What problems can Big Data solve?

Depending on whom you ask, Big data is solving a variety of problems. As the UN Global Pulse initiative sees it, big data allows “…decision makers to track development progress, improve social protection, and understand where existing policies and programmes require adjustment.” [Big Data for Development: Challenges & Opportunities, p4, May 2012. Download PDF].

Big data is as well said to enable the creation of financial value across business sectors and industries [source: McKinsey Global Research Institute analysis, download available from this page] – retail should especially benefit from creating better customer experiences, while the manufacturing sector should be able to increase its productivity significantly.

For us regular folks, whether we understand ourselves as buyers of industrially produced goods, or as frequent users of public transport services, big data can help us to reveal the physical availability of goods as well as to avoid traffic congestion.

All that is said to be enabled through the monitoring and deep analysis of previously uncorrelated data streams that have become so ubiquitous through new technologies.

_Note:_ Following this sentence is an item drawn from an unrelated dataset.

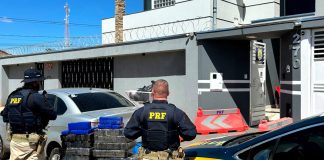 Polícia Rodoviária Federal apreende 217 kg de maconha na BR-365 em João Pinheiro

The promise that big data has in stock is “It makes our lives easier.” Especially for us Westerners living in urban agglomerations, this may sound truly compelling.
According to a video produced and posted by OgilvyOne a couple of days back (here) big data can help ordinary people to solve ordinary problems. The video is nicely done, and quite entertaining.

The data layers staged in that video are – roughly – centered around three different aspects of big data: authentication, peer activity, and network activity.

Authentication, in that regard, is tied to individually owned devices, while peer activity defines a social vicinity that can consist of both personally known peers (whatever their current physical location may be), and others occupying a close-range shared space, probably involved in similar activities as the protagonist in the video. Network activity, finally, relates to personally not known individuals involved in an activity that is agglomerating in an infrastructure (could be a public transport system, an operator’s cellular network, or something similar).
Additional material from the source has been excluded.